Because really, what do we hold sacred anymore? What ritual or right of passage exists in our society? What do kids earn these days? The tip of Mike’s belt has three stripes of athletic tape on it now. They call his name, he bows to his coaches, the class claps for him, and he beams at me through the window. He’s earned those stripes. 

 The ceremony takes seconds. It’s simple and moving, and in the end, a thin piece of athletic tape transcends its purpose.IMG_3493 (1)

 My son’s first love is basketball, Fortnite and Star Wars are never far from his mind, and he still calls for me when he’s scared at night, but undoubtedly something inside of him has changed. He makes better decisions and speaks with confidence. I believe jiu-jitsu has a great deal to do with his metamorphosis.

***

 Rob, the owner of Bushido Jiu-Jitsu Academy in Manchester and Hebron, CT, stood next to me at one of Mike’s classes. We watched both of our sons on the mat. 

 “When are we gonna get you out there?” he asked.

 A short discussion later, I agreed to try it. 
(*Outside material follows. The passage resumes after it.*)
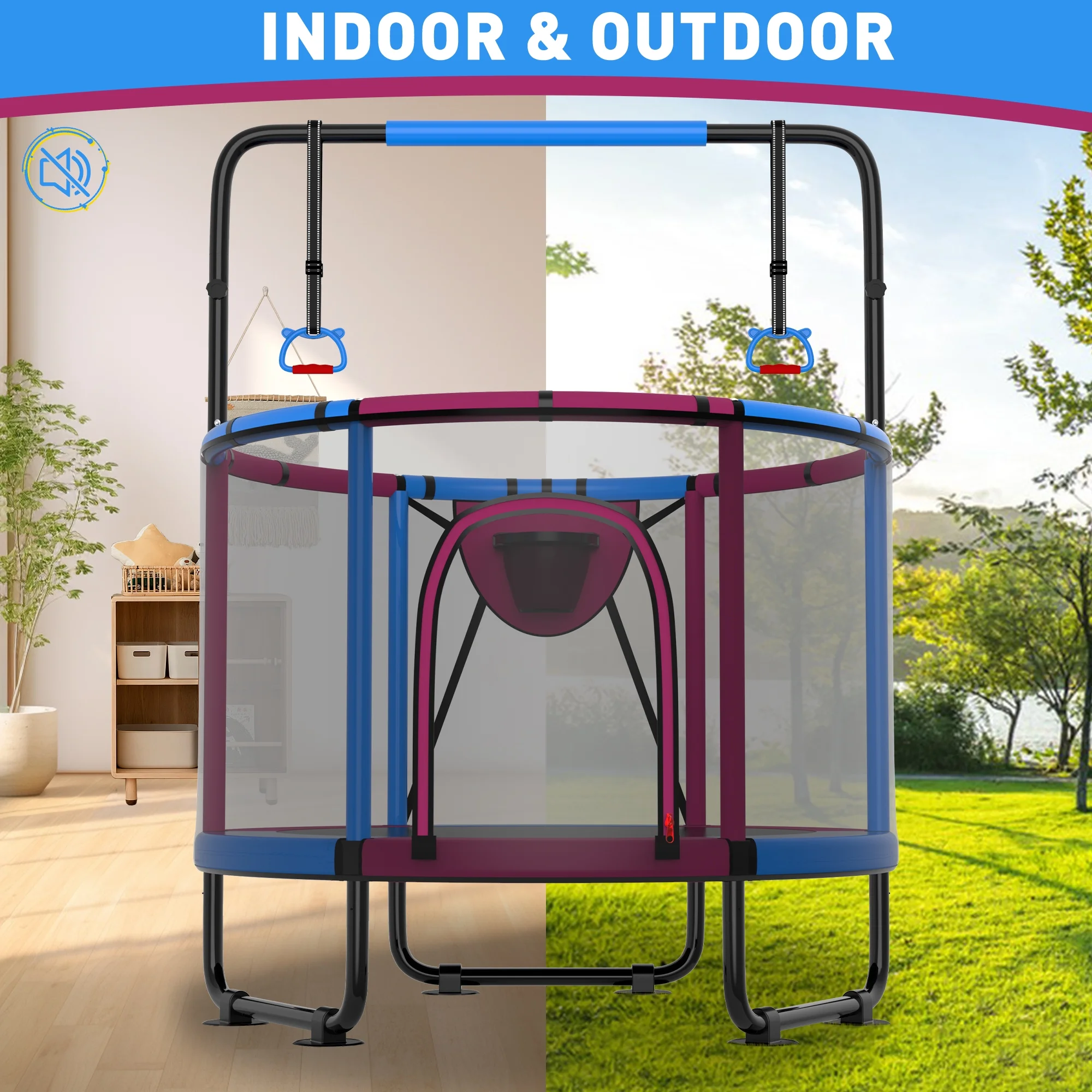 CITYLE Trampoline for Kids 600LBS 60'' 5FT Toddler Trampoline Indoor Outdoor with Basketball Hoop, Swing, Adjustable Bar, Mini Small Trampoline with Enclosure, Gifts for Toddlers, Boys & Girls - Image 49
 My first day was weird. I stood there in sweatpants and a tee-shirt surrounded by men and women of all ages in gis and belts of various colors. 
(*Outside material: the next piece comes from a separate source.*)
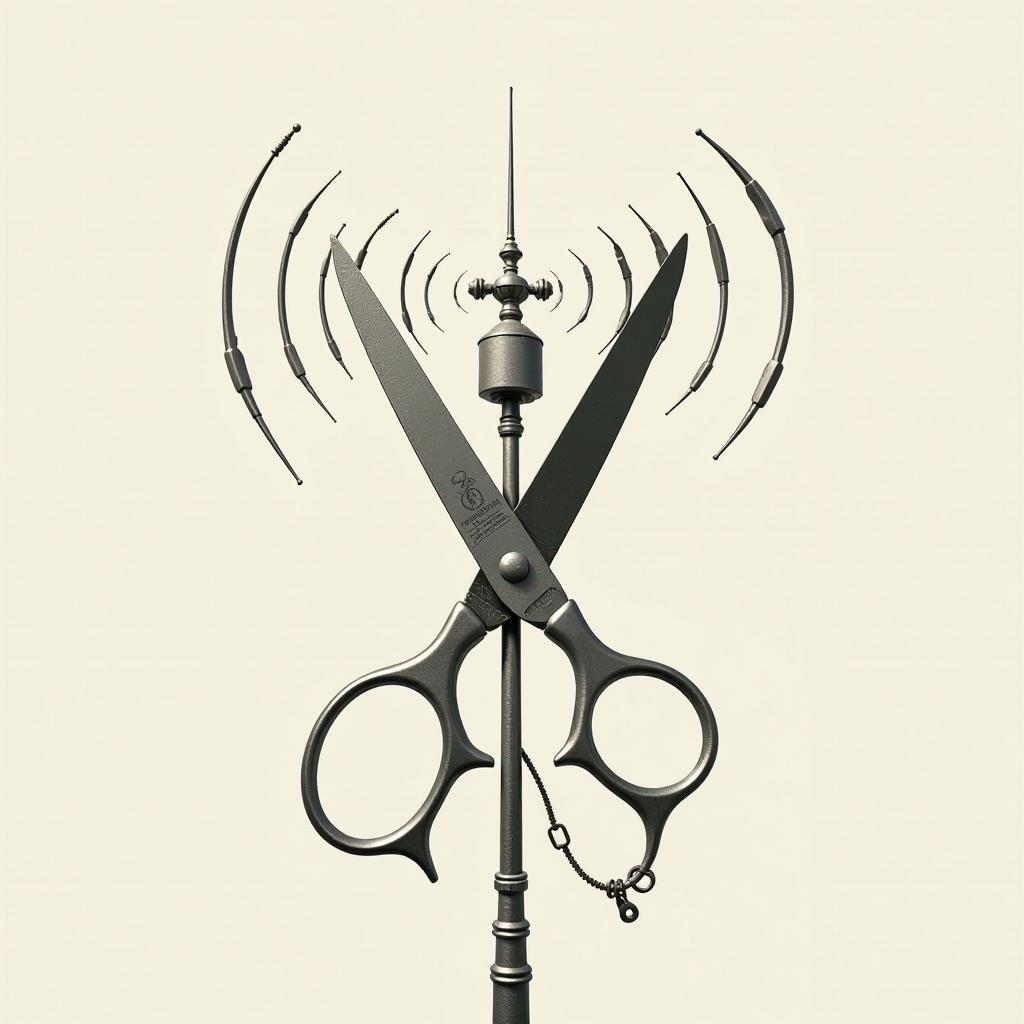  create an image that illustrates a pair of scissors creatively intertwined with a radio antenna, using negative space to emphasize the shapes and forms. the scissors should be open, with their blades positioned in a way that complements the structure of the antenna. the negative space around these elements should form abstract shapes, providing a unique point of view that draws the viewer's eye. the background should be minimalistic, allowing the focus to remain on the scissors and antenna interaction, highlighting the contrast between the organic lines of the scissors and the geometric shapes of the antenna. the overall composition should convey a sense of harmony and creativity, inviting viewers to explore the relationship between the two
 I had that feeling I get whenever I start something new. I’m too old, too out of shape, and too fat to be here. I’m going to make an ass of myself. 

 The three-minute warm-up had me gasping for breath. We started to get into the technical stuff, and a large man immediately approached me. 

 All my fears were about to be realized. 

 Without hesitation, he took me under his wing. The next ninety minutes flew by. I left there more tired and more full of energy than I had felt in twenty years. I was encouraged and coached with every step.

 The people there are always laughing and busting on each other. It made me feel part of something, like a team or a family.

 A week later, I had my gi. The jacket doesn’t quite close, and the pants are desperate to untie, but I don’t care.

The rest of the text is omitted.